[Beowulf] Strange hardware? problems

Orion Poplawski orion at cora.nwra.com
Mon Apr 30 14:50:39 PDT 2007

Mark Hahn wrote:
> they blow up consistently on multiple 244's?  might all the 244's have 
> the same potentially flawed cooling/heasink-compound/powersupply/etc?  

Well, they are identical, so yes.

> are you saying there's something _similar_ between the 244s and the 275s?

Nope, but both 244 machines behave the same as the two 275s.  So I don't 
really suspect a problem with a particular memory chip on a particular 
machine for example.

> is your ram ECC (and enabled as such in bios, preferably with scrub 
> enabled)?

Yup, w/scrubbing.

> if ECC, have you run mcelog?

Yup.  Nothing

>> We've tried FC4/5 on the 244 machines.  At one point all were running 
>> identical FC5 installs with the same problems.
> why do you think the problem is software?

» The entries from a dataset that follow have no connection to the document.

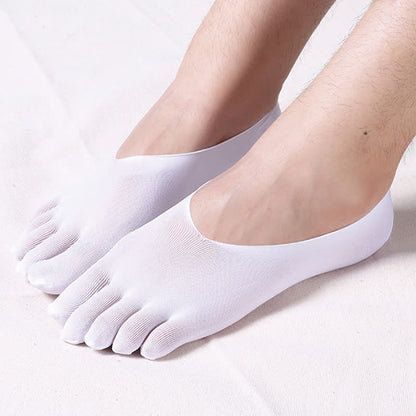 Unsichtbare, dünne, atmungsaktive Zehensocken (4 Paar) - Weiß - EU39-44 (US6-10) - image 4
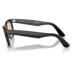 Ray-Ban RB2140 Wayfarer Sunglasses, Black Frame, Pink Lens, Asian Fit, 52, RB2140F-601-4B-52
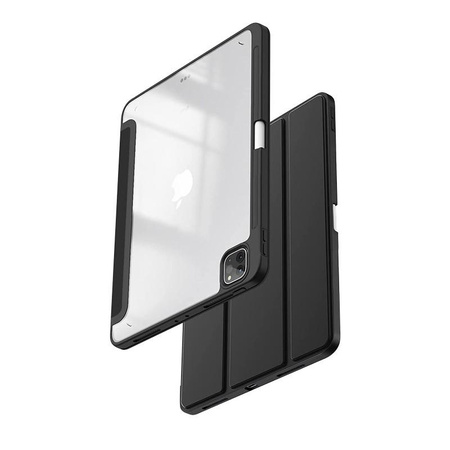 Etui PrimeFolio do iPad Air 11 M3 (2025) iPad Air 11 M2 (2024) iPad Air 10.9 (5-4 gen.) iPad Pro 11 (2022-2021) czarne/przezroczyste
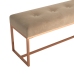 Banco de terciopelo beige 110x36x45 cm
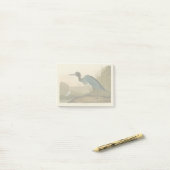 Blauwe Kraanvogel Reiger Audubon Kunst Kust Kunst Post-it® Notes (Op bureau)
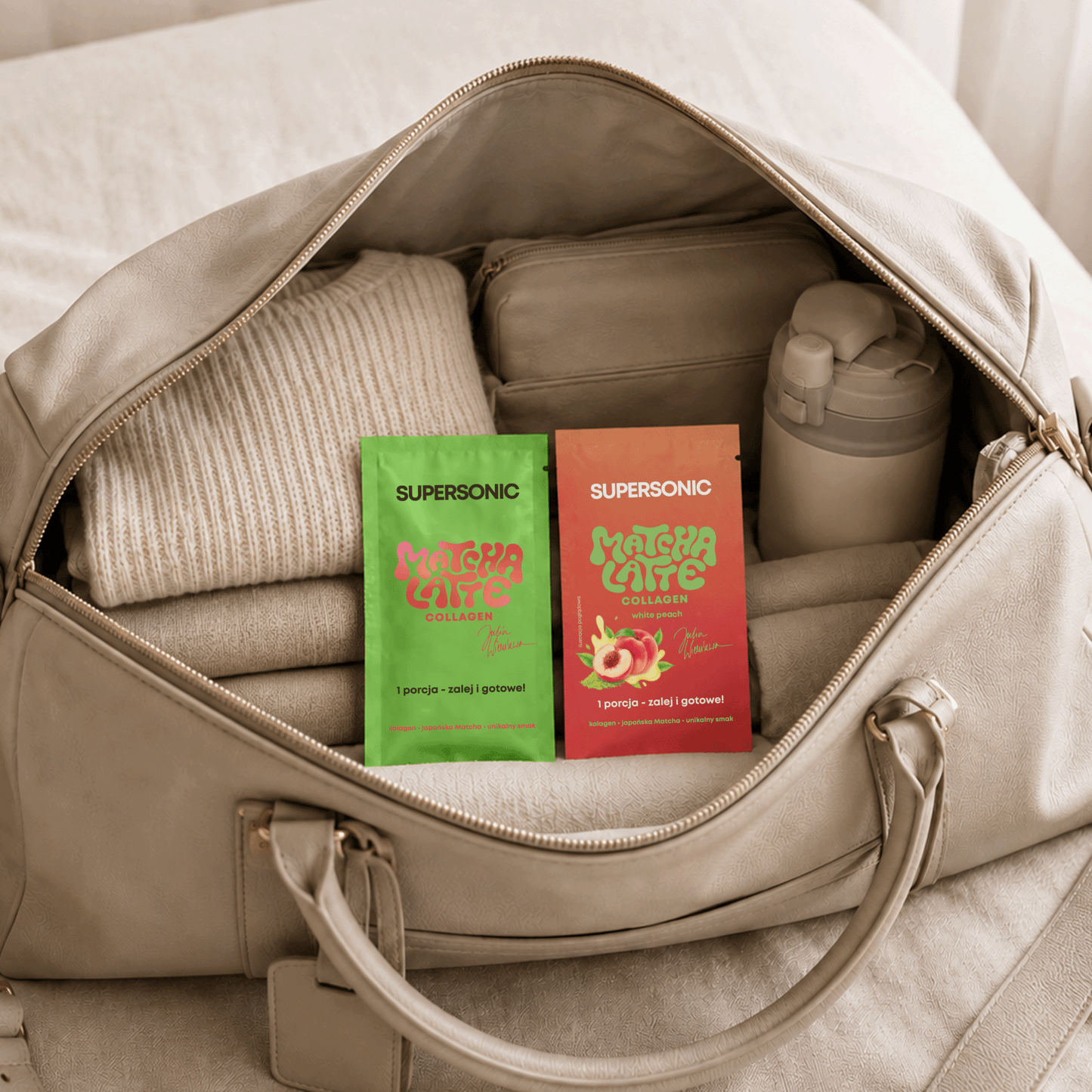 SUPERSONIC Matcha Latte Collagen Saszetki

I'm very confused at this point.

>> Problem is not exactly reproducible unfortunately.  It will crash at 
>> different times in the simulations, but they will crash at some point 
>> with the length of runs we are doing.
> sounds like heat/power to me.

Possible, but the machines are actually fairly lightly used with our 
model tests - just one processor.  sensors reports CPU temps <= 40C

  >> Are there any cpu tests out there that would check the accuracy of
>> various calculations?
> you don't mean accuracy, do you?  like some subtle problem with 
> low-order bits?
> I tend to use HPL for this kind of test - it's not to hard to tune it to 
> use however much memory you want, and to run for as long as you want.  
> it's not
> the ultimate memory-grinder, but it's pretty intense.

I do mean accuracy, and not necessarily subtle - things blow up bad. 
Perform some set of calculations over and over and error if it doesn't 
give the expected result.